Connaissant vos préoccupations, j'ai tenu à ce que la loi Habitat renforce les garanties de paiement des loyers dans l'intérêt de tous, les propriétaires évidemment, mais aussi les locataires qui trouveront plus facilement un logement à louer avec des garanties améliorées :
– le cautionnement retrouve son efficacité par une réelle clarification des textes ;
– le versement de l'allocation de logement directement au propriétaire devient une garantie sérieuse car elle ne prend fin que si le locataire et le propriétaire en sont d'accord.
Ce sont des progrès importants. Ensemble, il nous faut les faire connaître de tous.
Je souhaite aussi, monsieur le président, que l'UNPI contribue à informer les propriétaires des aides que les fonds de solidarité pour le Logement peuvent apporter aux locataires en difficultés. L'État fait en 1995 un effort particulier en majorant de 22 % la dotation de ces fonds dont tous les locataires peuvent bénéficier, y compris bien évidemment ceux du secteur privé.
4. Exécuter les décisions de justice
C'est une vraie question car, sans garanties juridiques, les bailleurs continueront de se détourner de l'investissement immobilier.
Ces dernières années, on a beaucoup entendu parler de droit au logement. C'est une idée généreuse à laquelle j'adhère, mais qui ne doit pas faire oublier que si les locataires ont des droits, les propriétaires en ont aussi qui doivent être pleinement reconnus. Les concilier est de la responsabilité des pouvoirs publics.

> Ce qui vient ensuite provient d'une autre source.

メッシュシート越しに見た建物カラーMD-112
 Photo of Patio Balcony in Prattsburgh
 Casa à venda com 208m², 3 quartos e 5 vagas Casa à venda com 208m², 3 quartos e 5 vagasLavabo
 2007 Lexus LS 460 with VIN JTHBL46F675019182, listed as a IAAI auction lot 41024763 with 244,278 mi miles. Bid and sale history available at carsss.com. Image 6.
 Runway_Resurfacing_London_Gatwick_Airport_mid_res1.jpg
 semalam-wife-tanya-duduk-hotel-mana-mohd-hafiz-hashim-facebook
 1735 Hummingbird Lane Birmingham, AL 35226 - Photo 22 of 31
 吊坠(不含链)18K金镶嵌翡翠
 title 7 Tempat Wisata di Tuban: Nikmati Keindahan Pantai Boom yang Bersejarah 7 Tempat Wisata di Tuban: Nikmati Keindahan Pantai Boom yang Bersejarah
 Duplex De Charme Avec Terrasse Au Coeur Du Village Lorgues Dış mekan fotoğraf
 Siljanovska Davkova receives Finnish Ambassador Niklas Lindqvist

Il faut bien entendu protéger les ménages de bonne foi en situation difficile. L'abbé Pierre ne dit pas autre chose. Mais cela n'est pas incompatible avec le droit légitime d'un propriétaire de récupérer son bien.
Jusqu'ici cette contradiction, qui n'est qu'apparente, a été mal gérée. Cela s'est traduit trop souvent par l'inexécution des décisions de justice et le refus de concours de la force publique lorsqu'on ne sait pas comment reloger le ménage expulsé.
Cette manière de faire n'est pas satisfaisante.
Ma philosophie est claire. Le droit de propriété doit être respecté et c'est à l'État et aux collectivités locales d'assumer ce qui relève de la solidarité, sans s'en défausser sur les bailleurs.
Avec les ministres de l'Intérieur et de la Justice, j'ai donné aux préfets des instructions claires.
Ils devront refuser le squat, car il est la négation même du droit.
Ils auront à mieux mettre en cohérence tous les dispositifs existants à leurs divers stades : prévention, relogement, exécution des jugements.
Ils devront intervenir plus souvent en amont de l'expulsion :
– avant le jugement par des aides au locataire ;
– après le jugement par une réelle mise en œuvre des priorités au relogement dans le parc HLM dont la vocation est d'accueillir les ménages impécunieux et de bonne foi.
De telle sorte que les problèmes seront réglés plus souvent qu'auparavant dans l'intérêt des propriétaires et des familles en difficultés.
5. Une représentation reconnue dans les institutions consultatives
Vous m'avez fait part d'un regret. La propriété privée n'est en pratique pas représentée au sein des comités économiques et sociaux régionaux, là où se rassemblent les forces vives de la nation.
C'est une injustice car vous rendez un immense service à la société. Elle doit vous en témoigner de la considération en vous reconnaissant comme membres à part entière de ces institutions.
J'ai appuyé votre demande auprès de M. Pasqua, pour qu'elle aboutisse favorablement à l'occasion de la refonte prochaine en 95 de la composition de ces comités. Je serai vigilant.
Un contrat d'objectifs
Monsieur le président,
Ce que je vous dis aujourd'hui ne vous aura pas étonné. Vous connaissiez mes convictions. Elles sont profondes et rejoignent les vôtres. Nous avons consacré ces dernières semaines à préparer ensemble ce statut moderne de la propriété locative. Il représente un progrès décisif.
Nous sommes convenus de le coucher noir sur blanc, dans un contrat d'objectifs scellant la communauté d'idées entre l'UNPI et le ministère du Logement.